#### WHAT YOU WILL DO:
Only the lines from the first line of the entries through the line with "imsaurlau's profile picture." belong in the answer, each restated word for word and without pictures.

#### MATERIAL PROVIDED:
··········

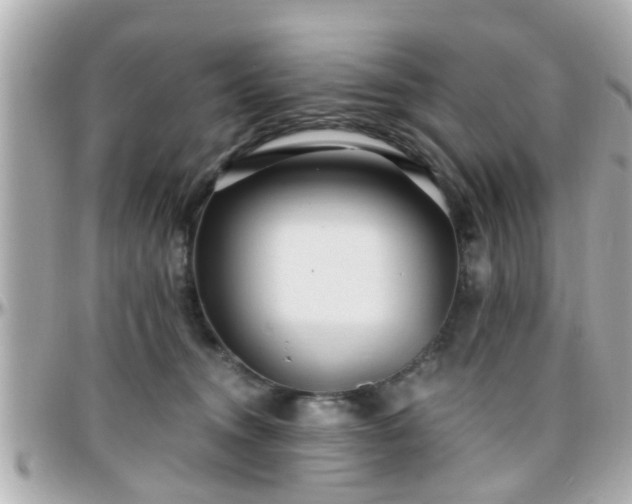 X0000096200372200801251018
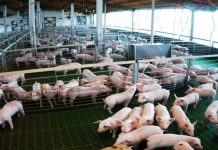 Sovemevepa: Sector porcino venezolano experimenta notable crecimiento en los últimos dos años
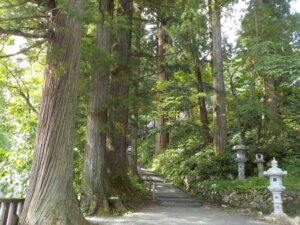 戸隠神社(中社)の見どころと人気のお守りをご紹介
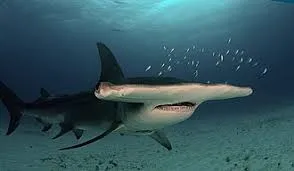 Le meilleur requin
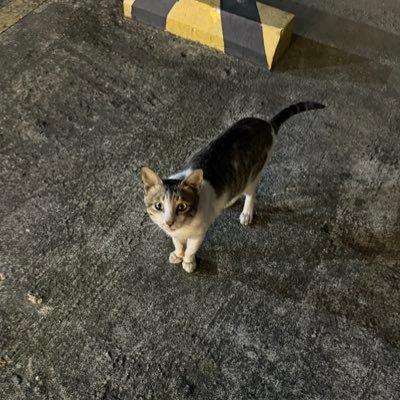 imsaurlau's profile picture. i want to be remembered as the girl who ran away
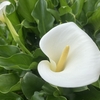 一点の染みなき海芋白き花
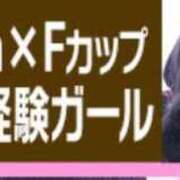 ヒメ日記 2025/02/23 00:17 投稿 こむぎ 黒い金魚（札幌）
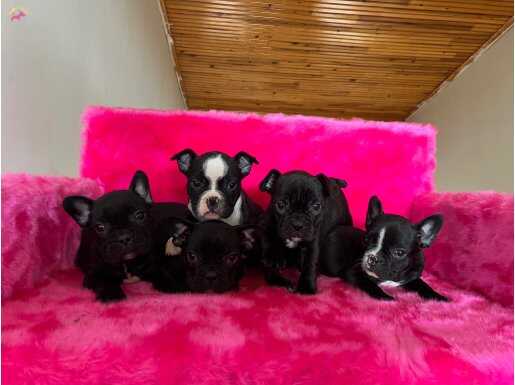 evde dogup büyüyen miniklerim üst düzey kalite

··········

#### TASK RESULT:
 X0000096200372200801251018
 Sovemevepa: Sector porcino venezolano experimenta notable crecimiento en los últimos dos años
 戸隠神社(中社)の見どころと人気のお守りをご紹介
 Le meilleur requin
 imsaurlau's profile picture. i want to be remembered as the girl who ran away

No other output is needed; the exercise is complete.